The Nigerian Financial Intelligence Unit has exposed the alleged funding of terrorist activities in Nigeria by the Indigenous People of Biafra, bandits, and other terror groups through global crowdfunding and on sports betting platforms.

The financial intelligence unit revealed how IPOB received funds through affiliates in 22 countries that have registered at least 27 entities under the group’s name.

The NFIU noted that seven of the registrations were made in the United States, while six were in the United Kingdom.

It added that over $160,000 raised by IPOB through crowd-funding was funnelled to transmission, media and broadcasting companies in Bulgaria, South Africa, and the UK.

It added that “The analysis further indicates that the group (IPOB) has several bank accounts in different countries where funds are being received from various contributors with the narrations ‘monthly dues, services and for ESN,’ among others, then later disbursed for various operations.”

Details of the development were revealed in a newsletter by the NFIU’s Counter-Financing of Terrorism Department obtained by our correspondent on Tuesday.

It added, “The analysis profiled the leader of the group, his addresses and mobile numbers abroad, with other 53 other individuals associated with the dissident group. The report was forwarded to law enforcement for further investigation.”

The NFIU further revealed that a betting platform simply identified as ‘XC’, filed a suspicious transaction report on a 24-year Nigerian customer from North-Central, Nigeria.

“This 24-year-old from Nigeria’s North-Central region received over N350,000 in his betting wallet, believed to be ransom money from a kidnapping,” the NFIU said.

In another case, the financial intelligence unit exposed a terrorist attempting to evade being detected; it noted that the individual made structured cash withdrawals from different Automated Teller Machines and purchased flight tickets to high-risk areas using credit cards.

The NFIU explained that whenever the individual exceeded his withdrawal limit, he would adopt alternative methods of travel.

“The terrorist then attempted suspicious transfers exceeding €1,000 to a local charity with potential links to terrorism.
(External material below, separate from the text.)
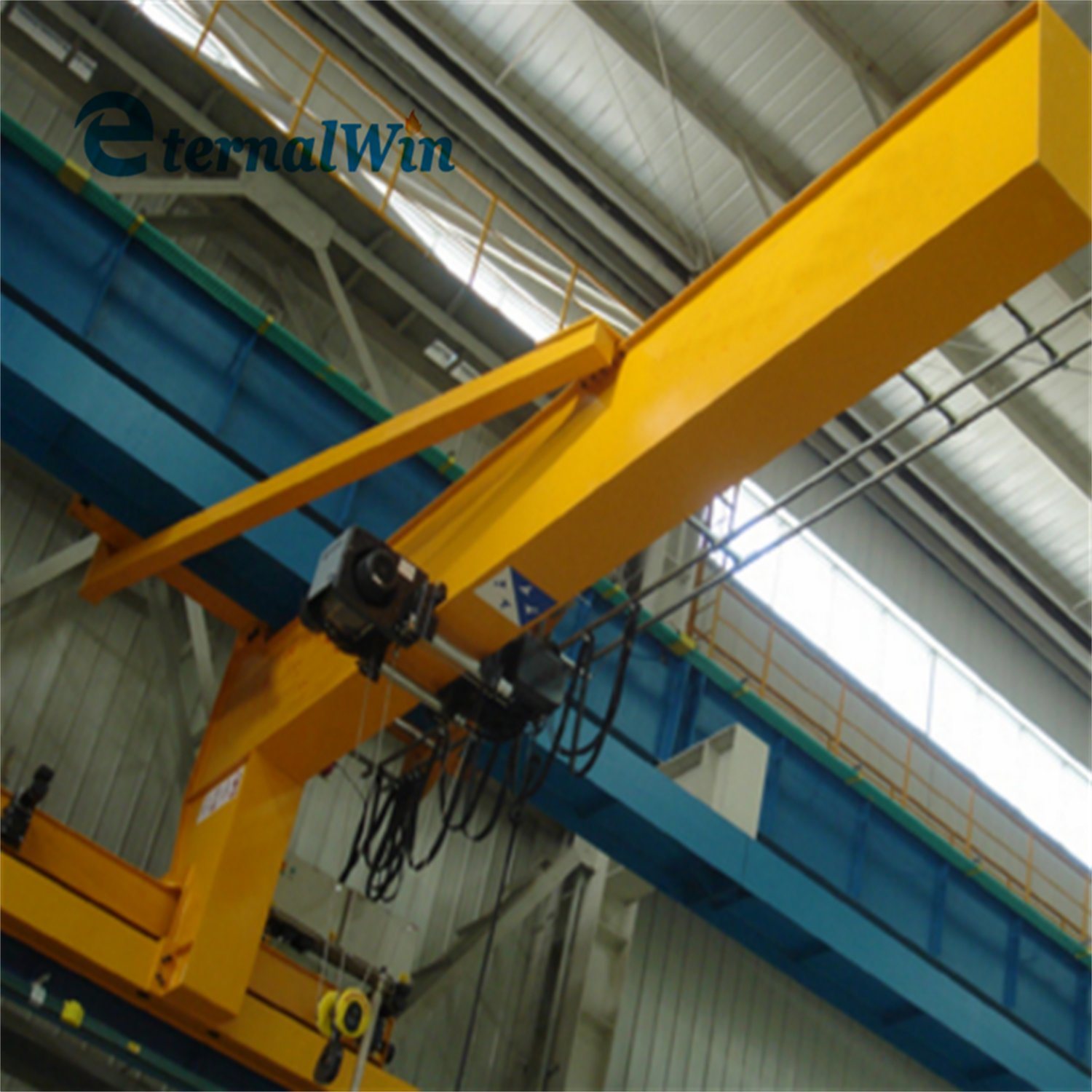 Cantilever Slewing Jib Crane Price with High Quality Specification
These transactions, along with others for luxury goods and escort services, raised red flags,” the newsletter stated

The NFIU further urged law enforcement agencies to investigate transactions by individuals linked to known terrorists or financiers; unauthorised tax collection or forced donations in terrorism-prone areas, and Bureau de Change operators facilitating transfers within suspected networks.

Other areas the unit wants security agencies to beam their searchlights are multiple cash deposits in bank accounts; Point of Sale operators receiving large deposits followed by cash withdrawals; money transfers from Nigeria to high-risk countries; recruitment of individuals to open multiple bank accounts; and financial transfers to charities linked to terrorism.